"And then grandmother explained to us that there is no force, that evil force, which will pit certain armies against each other, who actually neither know each other nor hate each other. After all, there is an opportunity to show good will and help, and that then maybe even the opponent, who is also defending himself, will show himself as a person. And this is how we should always behave. So this was the basis of education."
"You know what? This maybe, I can say this, probably this saved us. Because we were German children, even though we are from that northern Moravia. When the father was separated from us, the mother, 26 years old with four small children, got into one stream of refugees. So she went home to Liptov, but they rushed it. She had to go back in that crowd from before Vienna. Now, when I saw those Ukrainians, I felt very sorry for them, because I don't remember it, because it was after the war and there were no helping hands. Finally, they stopped us in Nováky, which used to be a Jewish camp. And then they stopped all this and closed it all there, and there it was selected who goes where. There, my mother was probably saved by the fact that the wise grandfather Hoffmann, a doctor, accepted Czechoslovak nationality when the First Czechoslovak Republic came. That is, when my mother presented identification that she was a Czechoslovak citizen, we did not go to the gulag. This saved us. And mom could talk. And there was a Russian who sorted it out. And mom said he was a good person. He sorted it out and my mother interpreted, because Central Europe was mixed at that time. And mom interpreted for two weeks. When the Russian divided them according to their nationality. Mom couldn't sleep because of this until the morning, because she knew who was cheating whom. And then, when they selected it, the Russian told mom that you will go home first. And another car for her ... And mom said that it's far from there with four small children. And she had nothing. The last thing she had was medicine. Mom knew that during the war, when German money stopped paying, even the gold she had, she spent it all on food for four small children. So she still had medication. And with those leftovers, you could also get food. Mom knew medicines because she was from a family of pharmacists and doctors. So she knew the medicines, her father was also a pharmacist. So this is how she got there, that she walked, somehow, she got home. At the beginning of June, at the age of 45, she knocked on the door in Mikuláš."

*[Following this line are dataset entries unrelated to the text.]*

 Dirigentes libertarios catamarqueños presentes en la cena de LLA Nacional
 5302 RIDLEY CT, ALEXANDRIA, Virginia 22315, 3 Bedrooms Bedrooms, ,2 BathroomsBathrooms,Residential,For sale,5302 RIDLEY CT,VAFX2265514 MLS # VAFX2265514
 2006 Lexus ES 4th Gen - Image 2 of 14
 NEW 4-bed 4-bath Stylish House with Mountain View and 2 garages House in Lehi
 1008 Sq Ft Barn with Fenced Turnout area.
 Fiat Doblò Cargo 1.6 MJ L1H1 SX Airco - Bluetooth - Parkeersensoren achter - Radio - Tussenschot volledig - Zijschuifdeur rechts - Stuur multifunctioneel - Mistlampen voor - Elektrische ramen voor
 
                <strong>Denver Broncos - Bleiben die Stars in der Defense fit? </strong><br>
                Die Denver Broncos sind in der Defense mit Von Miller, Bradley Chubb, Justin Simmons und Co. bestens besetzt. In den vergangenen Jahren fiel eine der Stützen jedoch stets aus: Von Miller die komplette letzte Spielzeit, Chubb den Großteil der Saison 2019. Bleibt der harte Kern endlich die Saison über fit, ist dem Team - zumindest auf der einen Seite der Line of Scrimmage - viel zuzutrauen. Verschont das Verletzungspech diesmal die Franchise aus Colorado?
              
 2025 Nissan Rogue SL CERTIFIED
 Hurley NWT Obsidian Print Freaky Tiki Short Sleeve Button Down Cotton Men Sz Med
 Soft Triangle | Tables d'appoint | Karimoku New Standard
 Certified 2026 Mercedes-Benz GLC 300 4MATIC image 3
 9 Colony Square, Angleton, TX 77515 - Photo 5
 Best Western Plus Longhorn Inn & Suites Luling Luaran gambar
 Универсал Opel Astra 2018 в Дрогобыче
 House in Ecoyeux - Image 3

"Well, it was so loud, so loud at night, because they were going through Levoča towards Kežmarok, along the old road, between the woods. To get Kežmarok out of that side. Because there was an army in Kežmark, there was an army, there was an army. They went through Levoča, through villages, through Levočské vrchy. It roared, it roared terribly. That was something terrible. I was pregnant then, maybe 2-3 months. That's what I thought at the time: Jesus Mary, my mother experienced this and we will experience this too, this war. Because there were military forests in Kežmark and there was also shooting. They took the forests of Levoč and trained to shoot at the big planes there. So we were used to it, that they flew up and that they also shot and the shots could be heard. I know that they made it known at the time that no one should go into the forest, that there would be an exercise. So at first, when the planes started, but when the tanks started roaring, that was it. So I was terribly afraid that there would be a war. And I thought, my God, with three children, one on the way. And my husband and my father-in-law were still such that they would have taken even those older. What are we going to do? Our mother then called us on the phone, come to Liptov, big house, wonderful cellar. Both the house and the cellar survived two wars. We will survive there. I was very afraid, I was very afraid."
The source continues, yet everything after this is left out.